Peaceable – but not harmless
by Jim Powers
Back in September of 2021 a new Texas law went into effect allowing permit less carry of handguns. At its must basic definition, permit less carry means that, with certain restrictions, anyone who can legally buy and own a handgun, can carry it, openly or concealed, within the state.
This column isn’t about gun control. Or about whether it is a good idea to carry a handgun. The decision to carry a handgun is a very personal one. The most fundamental right a human being has is the right to defend their life or their family’s lives against someone trying to take it. Similarly, no one has a legal obligation to defend either themselves or others, including third parties (unless you are a law enforcement officer). Whether you have a moral obligation to do so is, again, a personal decision.
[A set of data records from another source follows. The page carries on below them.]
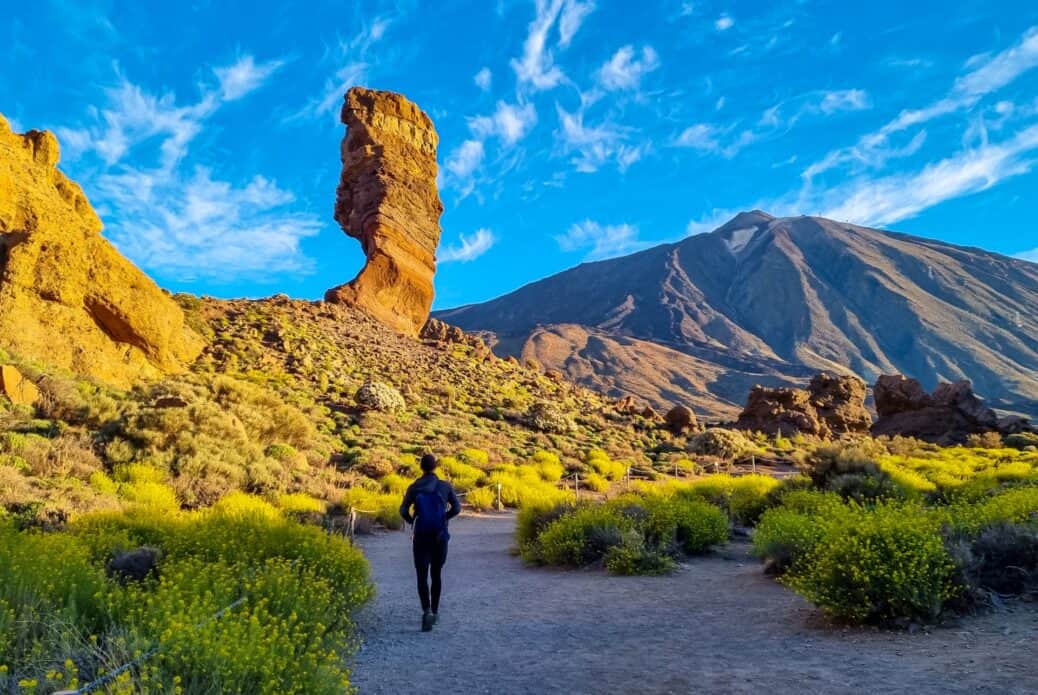 Visite d'une journée du parc national du Teide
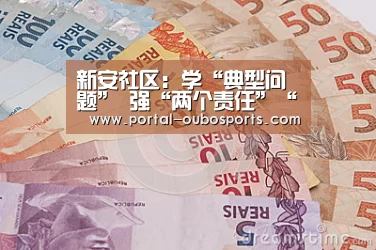 新安社区:学“典型问题” 强“两个责任”“欧博游戏”(图1) 欧博游戏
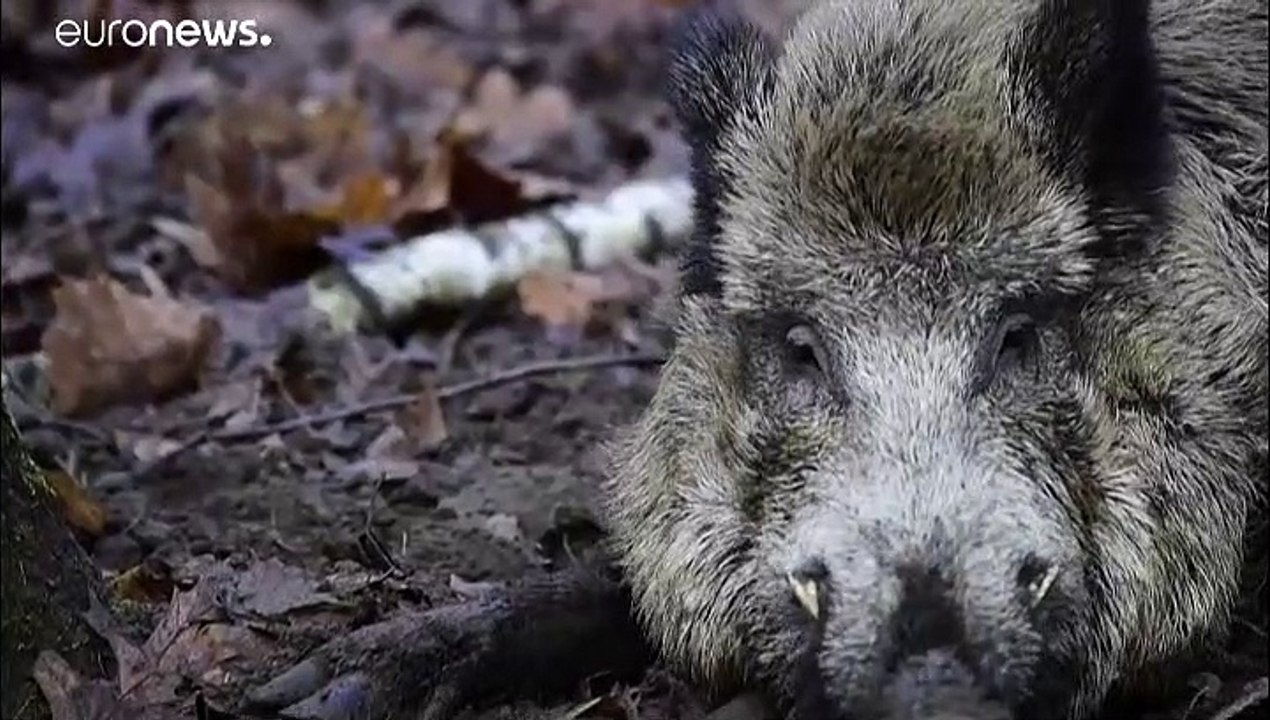 La filière de la viande porcine allemande inquiète, après plusieurs cas de peste porcine africaine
If you decide to carry a gun, though, you need to decide before something happens if you are really willing to use it. Self-defense situations usually happen and are resolved within seconds, at very close distance, with three rounds fired.
When someone is trying to kill you, there is no time to sort out the moral or legal details of defending yourself with deadly force. As my dad drilled into me from age 7 when he gave me my first rifle, never point a gun at anyone or anything you do not intend to kill or destroy. There are two old saws related to this: You can’t recall a bullet, and there is a lawyer attached to every round you fire. If you are not certain that you are willing to draw and kill with that weapon, please do not carry it.
Now, I don’t recommend strapping on a gun and putting yourself in sketchy situations. That kind of aggression is going to get you in trouble. Even if you get what you are looking for, a confrontation, you aren’t going to like the legal firestorm you will have to endure. Ask Kyle Rittenhouse. Even if you win, you and your family will go through hell.
Most of us though, are peaceable. We don’t go out looking for a fight. We interact peaceably with others. We avoid sketchy situations. We are, in appearance, exactly the kind of people bad guys decide to steal from, or carjack, or assault.
Bad guys often believe that because someone is peaceable, they are also harmless. The perfect mark for a crime. And they are often right. And if you carry a gun but are unwilling to use it to save yourself or other innocent people, I contend you are morally wrong, regardless of the legal implications.
We should be peaceable, but not harmless.
All of this is to try once again to make a point.
The U.S. carries a very big gun. Every day thousands more innocent people die in Ukraine because of the atrocities committed by Putin and his army.
If we don’t have the courage to use that big gun to defend innocent people, why spend $700 billion a year to keep it loaded? Because we fear Putin’s nuclear weapons? Then he can blackmail us into retreat and invade any country he wants knowing we will never attack him militarily (as the Biden administration keeps reminding him via the media).
The U.S. clearly needs to be a peaceable country. But it cannot remain harmless.